| Ibn
Sina (Avicenna) – Doctor of Doctors
Ibn Sina was born in 980 C.E. in the village of
Afghanistan near Bukhara which today is located in the far south
of Uzbekistan. His father, Abdullah, was from Balkh and his mother
from a village near Bukhara.
In any age Ibn Sina, known in the West as Ibn Sina (Avicenna), would
have been a giant among giants. He displayed exceptional intellectual
prowess as a child and at the age of ten was already proficient
in the Qur'an and the Arabic classics. During the next six years
he devoted himself to Muslim Jurisprudence, Philosophy and Natural
Science and studied Logic, Euclid, and the Almeagest.
He turned his attention to Medicine at the age of 17 years and found
it, in his own words, "not difficult". However he was
greatly troubled by metaphysical problems and in particular the
works of Aristotle. By chance, he obtained a manual on this subject
by the celebrated philosopher al-Farabi which solved his difficulties.
By the age of 18 he had built up a reputation as a physician and
was summoned to attend the Samani ruler Nuh ibn Mansur (reigned
976-997 C.E.), who, in gratitude for Ibn Sina's services, allowed
him to make free use of the royal library, which contained many
rare and even unique books. Endowed with great powers of absorbing
and retaining knowledge, this Muslim scholar devoured the contents
of the library and at the age of 21 was in a position to compose
his first book.
At about the same time he lost his father and soon afterwards left
Bukhara and wandered westwards. He entered the services of Ali ibn
Ma'mun, the ruler of Khiva, for a while, but ultimately fled to
avoid being kidnapped by the Sultan Mahmud of Ghazna. After many
wanderings he came to Jurjan, near the Caspian Sea, attracted by
the fame of its ruler, Qabus, as a patron of learning Unfortunately
Ibn Sina's arrival almost coincided with the deposition and murder
of this ruler. At Jurjan, Ibn Sina lectured on logic and astronomy
and wrote the first part of the Qanun, his greatest work. He then
moved to Ray, near modern Teheran and established a busy medical
practice.

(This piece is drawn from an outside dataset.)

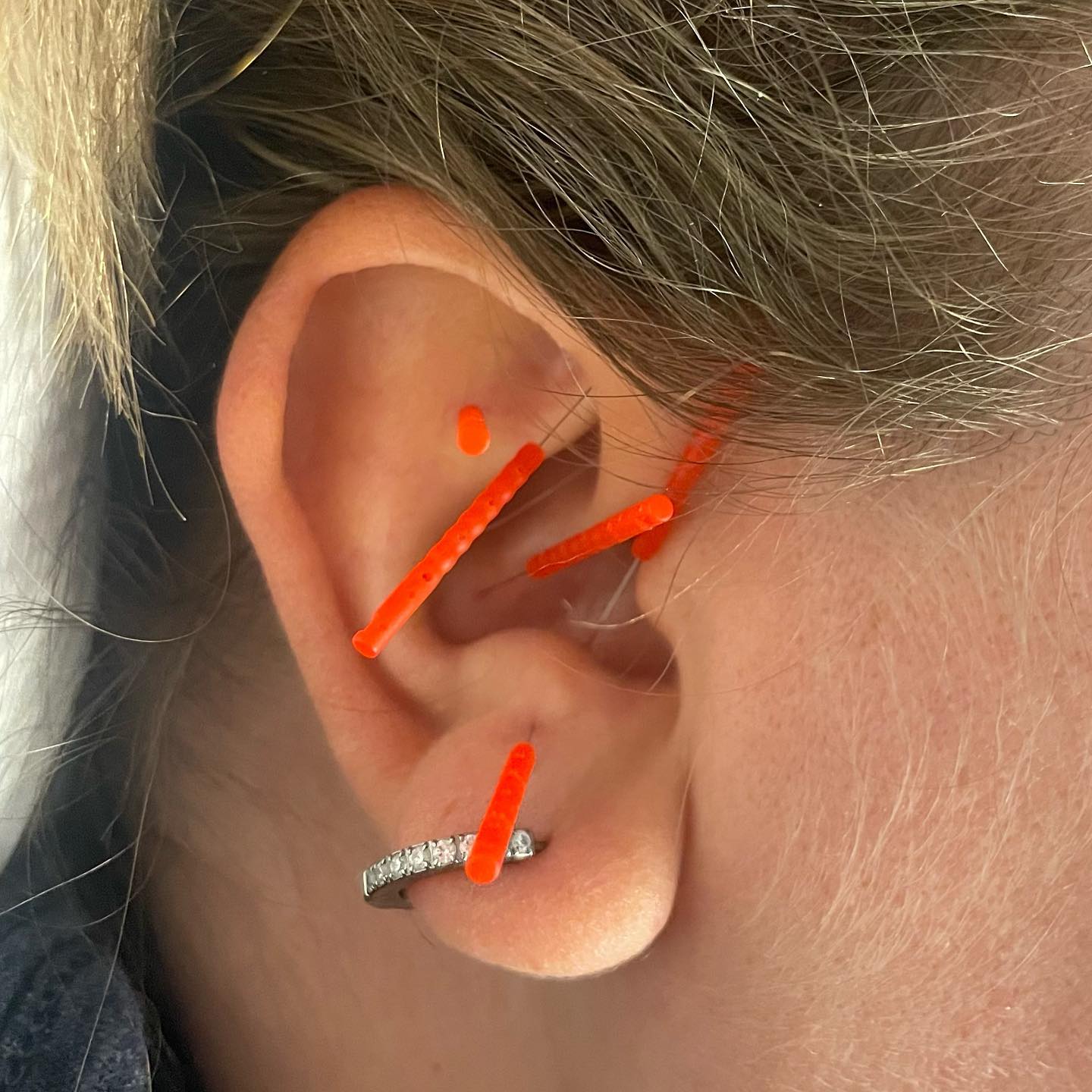 Auricular acupuncture before an egg retrieval to decrease pain, calm the mind and harmonize the body. #acupuncture #earacupuncture #fertility #eggretrieval #cnyfertility #ivf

When Ray was besieged, Ibn Sina fled to Hamadan where
he cured Amir Shamsud-Dawala of colic and was made Prime Minister.
A mutiny of soldiers against him caused his dismissal and imprisonment,
but subsequently the Amir, being again attacked by the colic, summoned
him back, apologised and reinstated him! His life at this time was
very strenuous: during the day he was busy with the Amir's services,
while a great deal of the night was passed in lecturing and dictating
notes for his books. Students would gather in his home and read
parts of his two great books, the Shifa and the Qanun, already composed.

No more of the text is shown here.